When farmers are unable to reliably plant, grow, and harvest, food shortages become unavoidable.
In the low farming regions of Southeast Asia, sea-level rise has caused flooding and a long term effect on the salinity of local water sources.
The result is that rice no longer grows in vast stretches of local farmland, poisoned by the high levels of salt in the water and soil. Rice farmers are adapting, switching to shrimp farming in many cases, but the loss of such an important staple crop is having a serious effect on the local community.
Regions of the world once known for their perfect growing climates, plentiful rain, and rich soil are experiencing droughts more severe than ever before in recorded history.
Water rights and disputes are pitting farmer against farmer, rancher against rancher. We are having to change what we eat as food prices on crops, especially those requiring large quantities of water to grow, skyrocket.
There may come a time when there simply isn't enough water and we will either watch these regions shrivel up and die or we will have to start getting seriously more selective on what we grow - not based on what we like to eat but on what grows well in drought.
In other regions of the world, climate change seems to be having an almost positive effect.
Farmers in Greenland, who in the past were lucky to harvest a few potatoes and turnips out of each summer’s short growing season are now enjoying longer, warmer summers. Unheard of in the past, you can now find locally grown strawberries, tomatoes, and even lettuce.
That’s not the whole story though.
At the same time as Greenland farmers celebrate their first harvests of strawberries, many of the indigenous communities of the far north are suffering through substantial changes to their traditional food culture.
Ice melt has drastically changed the way indigenous tribes hunt and fish, affecting a large part of their traditional diets. Harvest seasons are coming too early and with the thawing permafrost, gathered vegetables, grains, and seeds are spoiling sooner as the traditional preservation method - ice cellars - become impossible.
Add to that the opening of the Arctic to commercial interests - with newly ice-free shipping lanes and access to new oil drilling locations - and even in the far North, a warmer, longer summer doesn't look so good.
As our climate becomes more unpredictable, as droughts, floods, and famines drive people from their homes, we will also begin to see a growing humanitarian crisis - climate refugees.

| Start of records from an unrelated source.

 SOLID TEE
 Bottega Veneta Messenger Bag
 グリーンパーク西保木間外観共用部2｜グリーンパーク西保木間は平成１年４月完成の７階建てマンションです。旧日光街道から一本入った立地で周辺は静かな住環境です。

Just as people flee war and violence, so will people flee starvation and hunger.
Even if regions of the world are able to adapt well to the changing climate, they will inevitably be faced with the desperate migration of people from less fortunate regions.
How we handle and care for our starving neighbors will likely be the measure by which our society is judged by future generations.
Despite what some politicians might hope to believe, climate change is happening, and as we speak it is subtly changing food cultures around the globe.
At this point, damage has already been done and will continue to ripple through the food system, from how we farm to what we eat. There is little we can do to fix the damage already done and even if we, as a world, take serious action on climate change now, some changes are simply too far along to reverse at this point.
While we might not be able to stop the effects of climate change on food culture immediately, we should be studying the changes as they happen now.
Traditional food cultures are being slowly destroyed and this loss in knowledge could be devastating to our species if we are able to survive this change in our global climate.
Today, traditional food cultures are growing and using heirloom seeds that might be the key to crop survival in flood-prone regions.
Farmers in small villages in Africa are still using techniques, passed down for generations, that help crops survive severe drought.
Grandmothers, in indigenous communities around the globe, still remember what foods they were able to gather from the forest when their crops failed and the children were crying out in hunger.
All this knowledge is what has kept the human species strong and thriving across the millennia.
The Westernization of the global food landscape is slowly destroying this traditional knowledge but with climate change putting more stress on the human species globally than ever before, this is the knowledge we need to be cultivating.
We survived the last ice age and climate change will not likely be the end of the human race anytime soon.
How well we adapt, how well we feed and ensure the survival of all 7+ billion people on the planet though - that could very well come down to how much we value and preserve the unique traditional food cultures all around us.